By age 75, people will have gone through all stages of life, says Emanuel.  As a child you begin to develop skills and figuring out your place in the world. You go to college, raise a family, work to hone your skills and talents. At the later stages of your life you give advice and mentor people, he says, noting that in your mid-seventies, physical deterioration and mental slowing along with loss of creativity, begin to be felt.

During his radio interview, Emanuel claimed he is very active, recently climbing Mount Kilimanjaro with is two nephews, stressing that he is in relatively good health and doesn’t have a terminal illness and has no plans to commit suicide.   As a matter of fact, the physician even condemned physician-assisted suicide and euthanasia, in a 1997 article published in The Atlantic, a policy allowed in the states of Oregon, Vermont and Washington.  His philosophical view of ending one’s life is to allow the body to age naturally, he stresses.

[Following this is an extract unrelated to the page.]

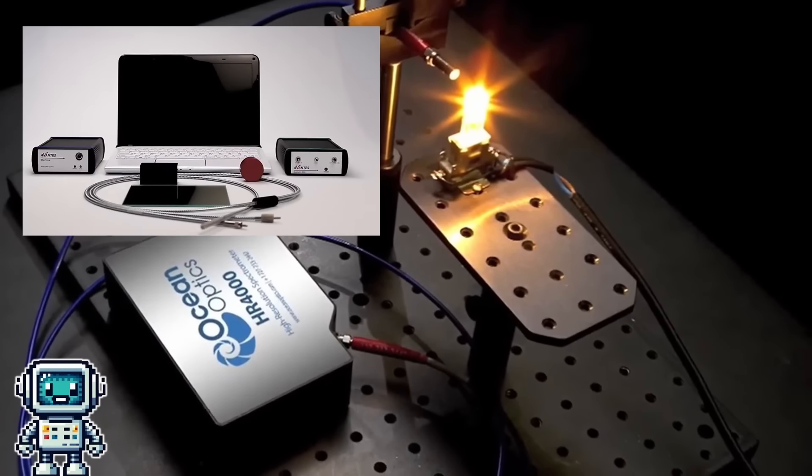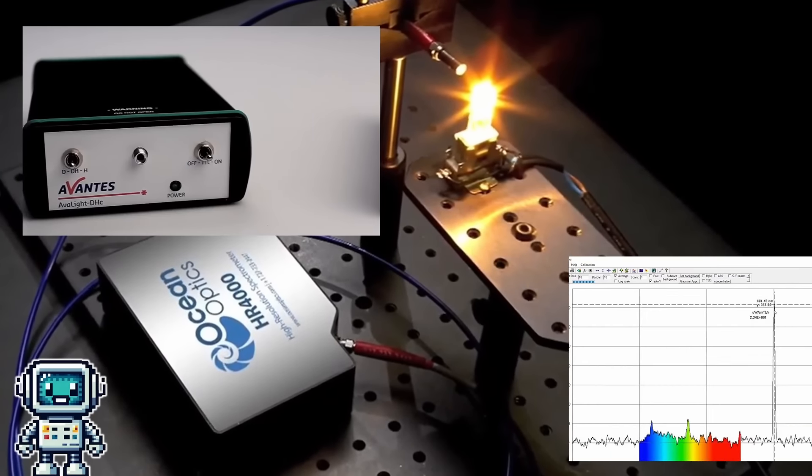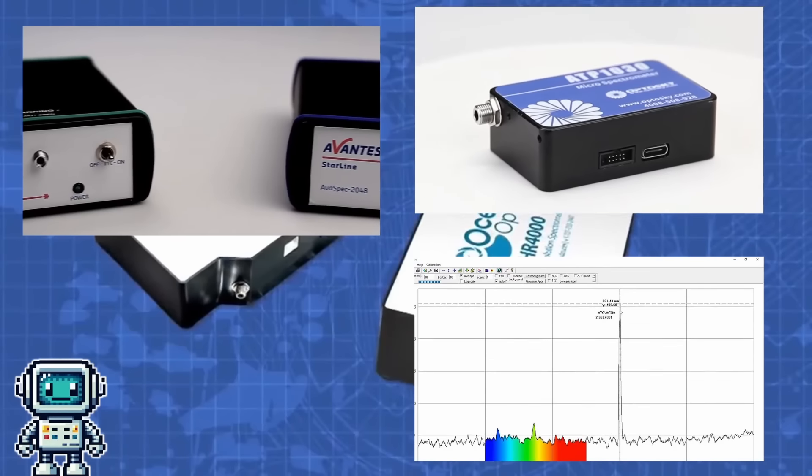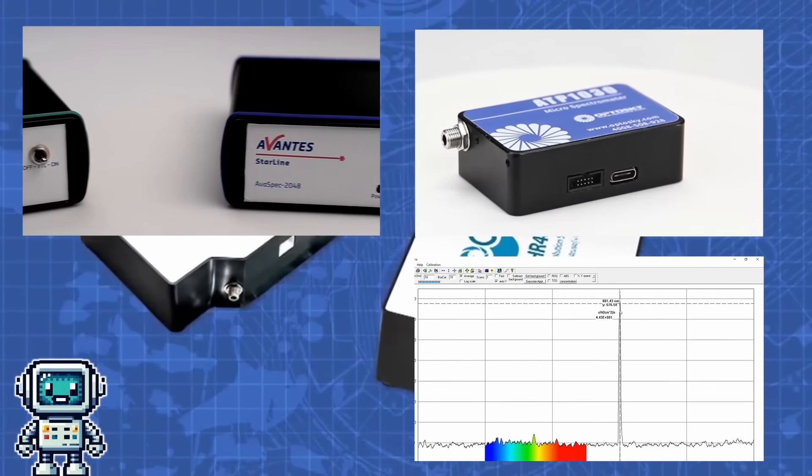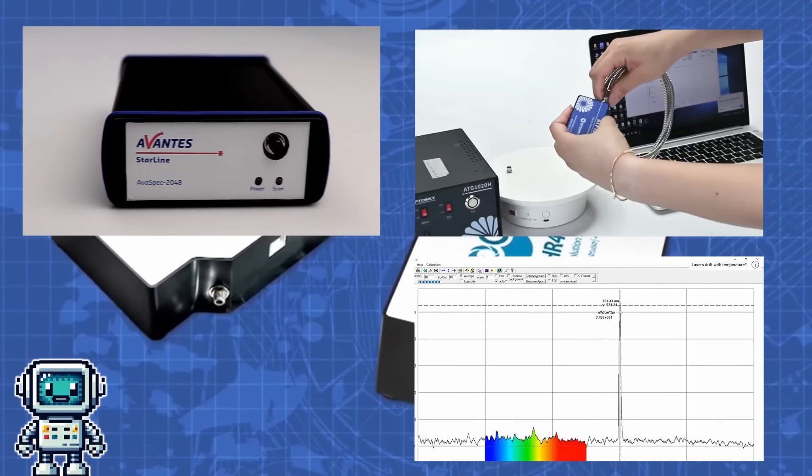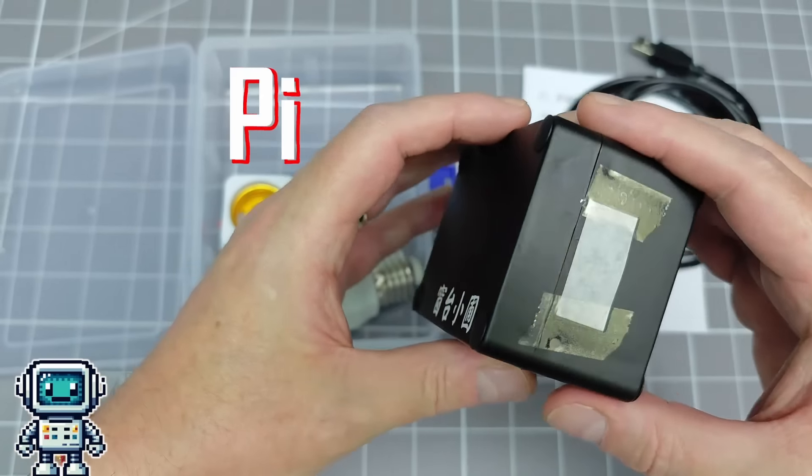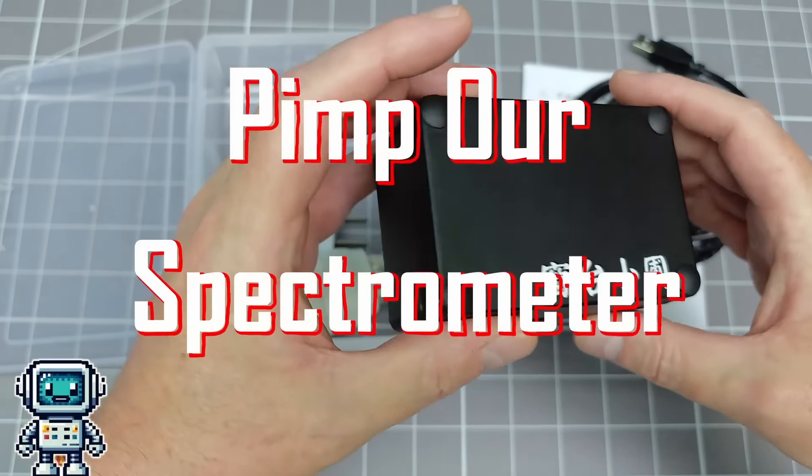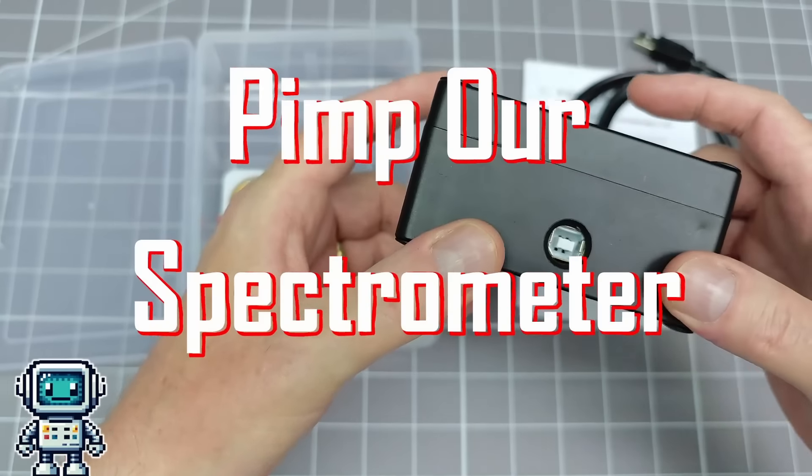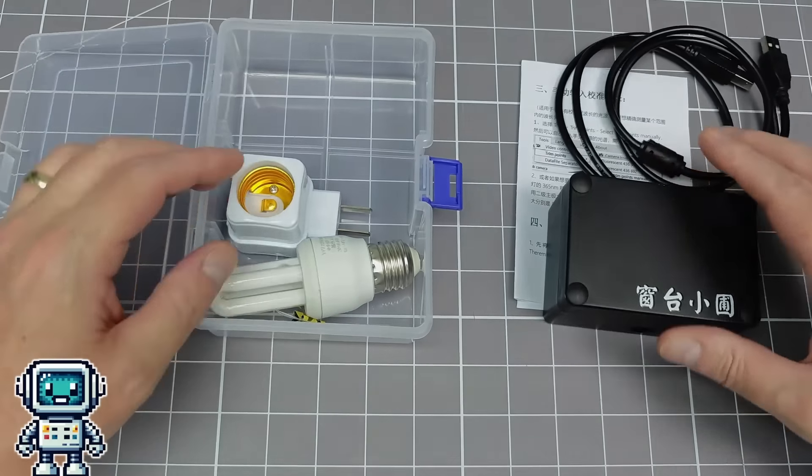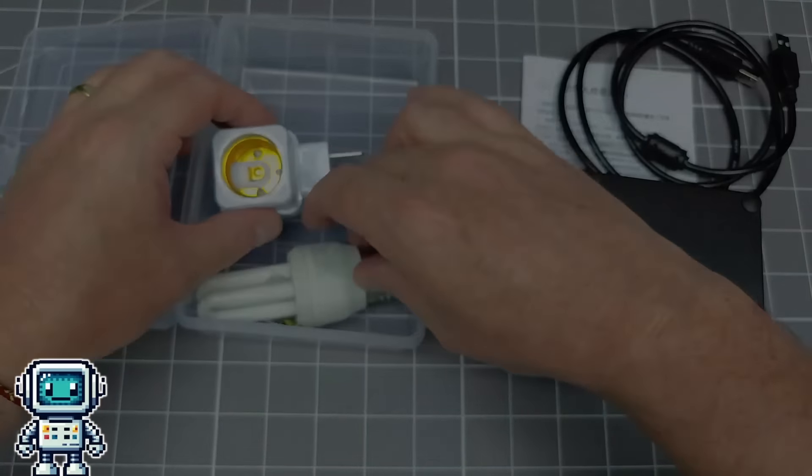So we decided to do something positive about it. Instead of spending a king's ransom to buy a flashy new device, we decided it would be better to pimp our spectrometer. Okay, let's crack on with this.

In eighteen years, Emanuel pledges to refuse all medical procedures and treatments, including taking medications such as statins, cholesterol lowing drugs, and antibiotics that could prevent life-threatening illnesses or extend his life.  He notes that his last colonoscopy will be at 65, to screen for cancer.  No more colonoscopies after 75.  And, he’ll only accept palliative care after that milestone age, too.

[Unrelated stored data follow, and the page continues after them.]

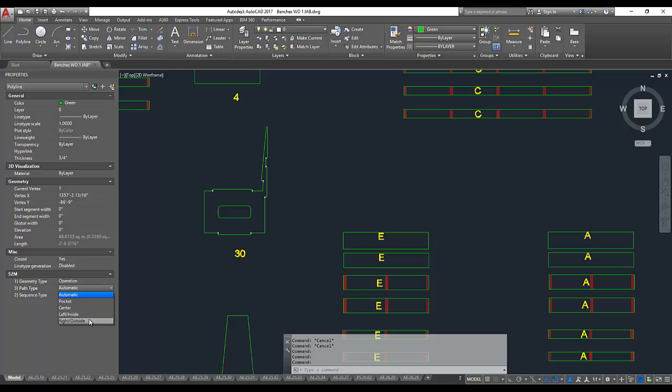If this polyline wasn't closed, I can specify to the left or to the right around the polyline in a counter-clockwise direction. In this case, we want it on the inside.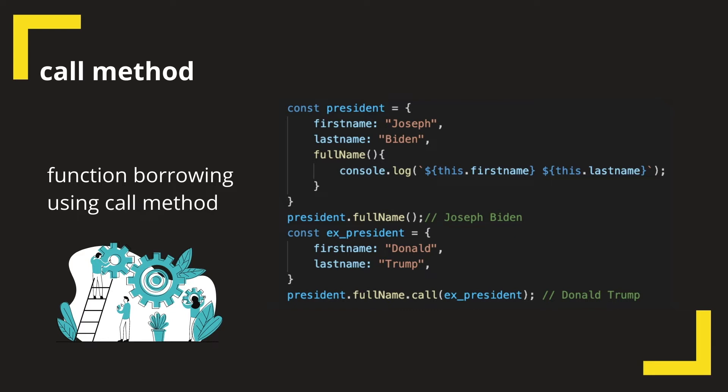Consider the case where we have another object which is ex-president, which has the same properties, firstName and lastName. But rewriting the fullName method is considered a bad practice. What we could do is function borrowing using a call method as you see on the screen.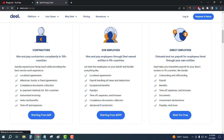The free plan is for direct employees. The contractor plan starts from $49 per month and the EOR employees plan starts from $599 per month.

“I’m not suggesting people kill themselves at 75 but, rather, let nature take its course,” Emanuel says.

How Others See it

Emanuel’s personal preference not to seek medical procedures or to use medications at age 75 that might lead to his death is not the same as physician assisted suicide, says Rev. Christopher M. Mahar, S.T.L., of the Providence Catholic Diocese, noting that this choice has always been respected by the Catholic Church.

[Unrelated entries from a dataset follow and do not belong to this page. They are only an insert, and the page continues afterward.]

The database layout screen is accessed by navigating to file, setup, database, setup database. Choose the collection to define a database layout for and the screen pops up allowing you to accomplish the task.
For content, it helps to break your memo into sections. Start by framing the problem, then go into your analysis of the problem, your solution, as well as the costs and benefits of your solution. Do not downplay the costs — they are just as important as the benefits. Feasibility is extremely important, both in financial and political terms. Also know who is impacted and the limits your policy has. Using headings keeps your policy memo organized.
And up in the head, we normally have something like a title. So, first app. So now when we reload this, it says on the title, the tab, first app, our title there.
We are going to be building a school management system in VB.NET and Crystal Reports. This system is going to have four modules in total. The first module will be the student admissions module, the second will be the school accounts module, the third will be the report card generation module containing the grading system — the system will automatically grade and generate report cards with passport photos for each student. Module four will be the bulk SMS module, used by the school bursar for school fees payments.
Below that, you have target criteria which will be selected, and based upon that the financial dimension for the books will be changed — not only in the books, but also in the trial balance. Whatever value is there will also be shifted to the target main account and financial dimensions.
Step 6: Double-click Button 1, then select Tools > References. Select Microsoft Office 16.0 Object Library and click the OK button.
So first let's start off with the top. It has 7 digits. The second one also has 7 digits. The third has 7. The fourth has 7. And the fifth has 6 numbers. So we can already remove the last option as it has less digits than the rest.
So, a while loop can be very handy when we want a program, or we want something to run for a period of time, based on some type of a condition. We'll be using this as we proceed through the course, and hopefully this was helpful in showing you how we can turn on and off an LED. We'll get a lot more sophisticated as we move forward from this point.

“He is not actively choosing to take his life, and as long as he is not rejecting any of the ordinary means necessary for the preservation of life, such as nutrition and hydration, and is not intentionally destroying his body, he is free to decide for himself, says Mahar.

As Emanuel says, there is a downside to aging.  My 88-year-old mother died after a 14 year battle with Alzheimer’s disease.  At age 89, my father, whose quality of life declined over his later years, died suddenly, by having a pulmonary embolism.

For me, 89 is the year I choose to meet my maker, hanging up my spurs.  Yes, I will let nature take its course, but I will most continue to take Vitamins and antibiotics, even my Lisinopril, for high blood pressure.  I will not turn my back on medical procedures or technology that might enhance the quality of my life, even lengthen it.

I agree with the statement of late Actress Betty Davis stated, “Old age ain’t no place for sissies.”   There is no alternatives, you can only hope for nature to ultimately take its course, and it will.  And so, we all are inclined to pick our own magic number.

Herb Weiss, LRI ’12, is a Pawtucket writer who covers aging, health care and medical issues.